一人暮らしの母は、テレビの中の人が話し相手のようです。テレビでは、いろいろな役割、キャラクターの人がそれぞれの話し方で話しています。母にとっては、その変化も刺激になっているのではないでしょうか。
見始めと見終わりがはっきりしている
母は話し相手に出会うためにテレビのスイッチを入れているように見えます。テレビを消すときには「はい、さようなら」とでも言うように・・・。
そのため、「ダラダラ見ている」という感じがしません。
あんなに長い時間見ていても、母にとっては「テレビを見ている」というよりも、「テレビの中の人と話をしている」というコミュニケーションの時間だからでしょうか。

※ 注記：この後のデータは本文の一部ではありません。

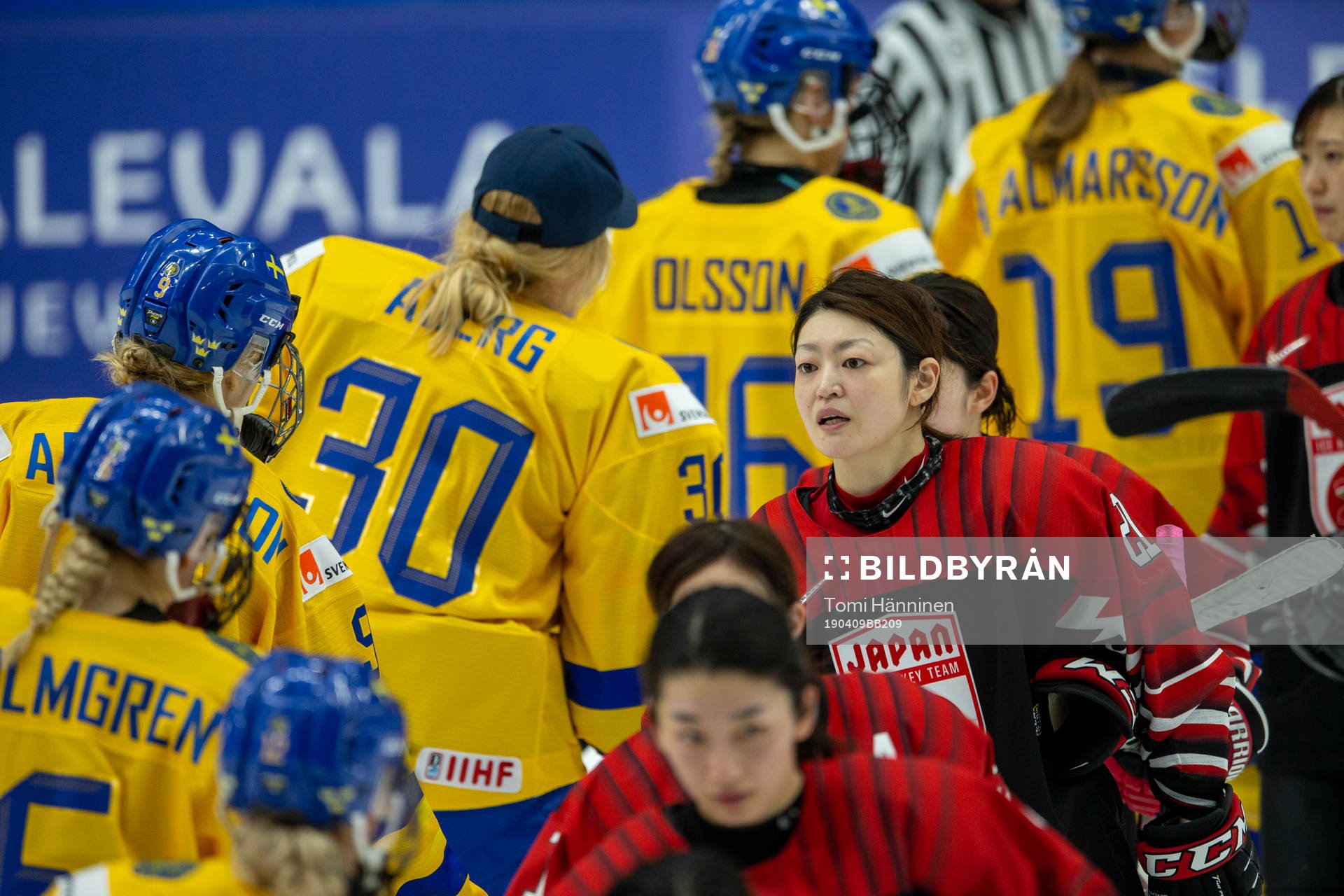 Hanae Kubo #21, JPN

テレビは人に会い、人と別れるといったもので、見始めと見終わりがはっきりとしています。
とにかくよく笑う
母は、テレビを見ながらとにかくよく笑います。とても大きな声で笑うので、私が別の部屋にいてもよく声が聞こえ、その場にいなくても母のよい表情が目に浮かびます。
「笑うことは健康によい」とよく言われています。
母の姿を見ていて実感します。
大きな声で笑うことで、発声器官や肺を十分に動かし、深い呼吸をしています。
顔の表情筋をよく動かしています。
そして何よりも気持ちが大らかになり、よい発散になっています。
私もこんなふうにおもいっきり大笑いをして毎日を過ごしたいなあ、と思います。
こんなふうに見てくると、母とテレビとのよい関係が見えてきました。
テレビは、母の老化を食い止めています。一人暮らしで話す相手がいない分、テレビの中のいろいろな人と話をしたり考えたりしています。
テレビを長時間見ることについてはマイナス面ばかりが取り上げられがちですが、見方によってはプラス面があり、母にとっては良き相棒となっています。